[RECORDS FOR THE EXERCISE Boundary: Start]

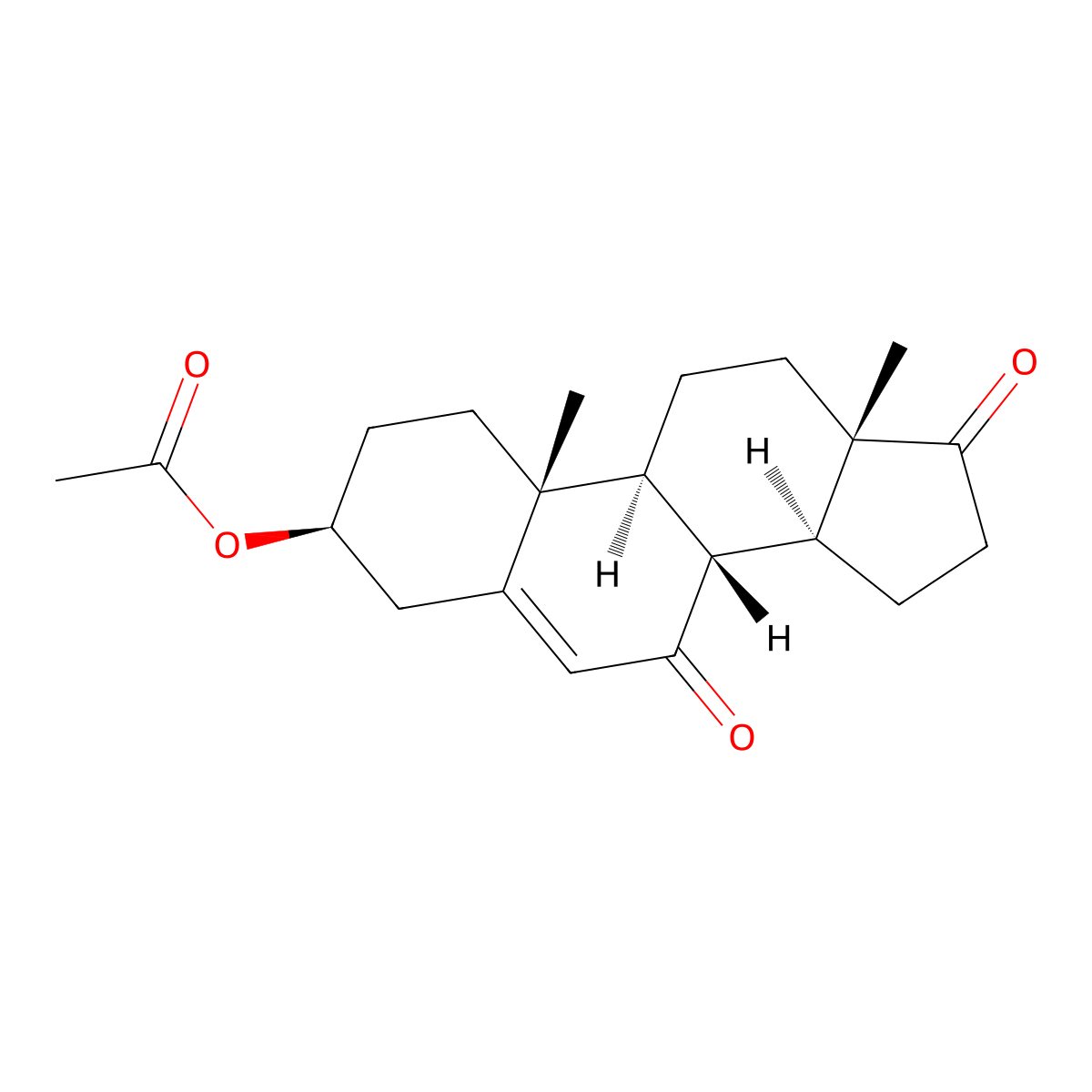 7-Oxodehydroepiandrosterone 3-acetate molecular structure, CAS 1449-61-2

[RECORDS FOR THE EXERCISE Boundary: End]
[RECORDS FOR THE EXERCISE Boundary: Start]

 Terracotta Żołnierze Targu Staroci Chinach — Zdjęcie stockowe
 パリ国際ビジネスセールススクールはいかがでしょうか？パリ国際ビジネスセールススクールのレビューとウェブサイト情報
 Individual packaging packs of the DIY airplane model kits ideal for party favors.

[RECORDS FOR THE EXERCISE Boundary: End]
[RECORDS FOR THE EXERCISE Boundary: Start]

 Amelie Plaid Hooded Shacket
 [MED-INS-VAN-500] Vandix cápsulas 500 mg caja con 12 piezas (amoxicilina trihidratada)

[RECORDS FOR THE EXERCISE Boundary: End]

• [EXERCISE INSTRUCTIONS]: What you give back should be only the lines of the records above, starting at the line with "Amelie Plaid Hooded Shacket" and ending at the line with "[MED-INS-VAN-500] Vandix cápsulas", restated word for word.

• [REPLY]:
 Amelie Plaid Hooded Shacket
 [MED-INS-VAN-500] Vandix cápsulas 500 mg caja con 12 piezas (amoxicilina trihidratada)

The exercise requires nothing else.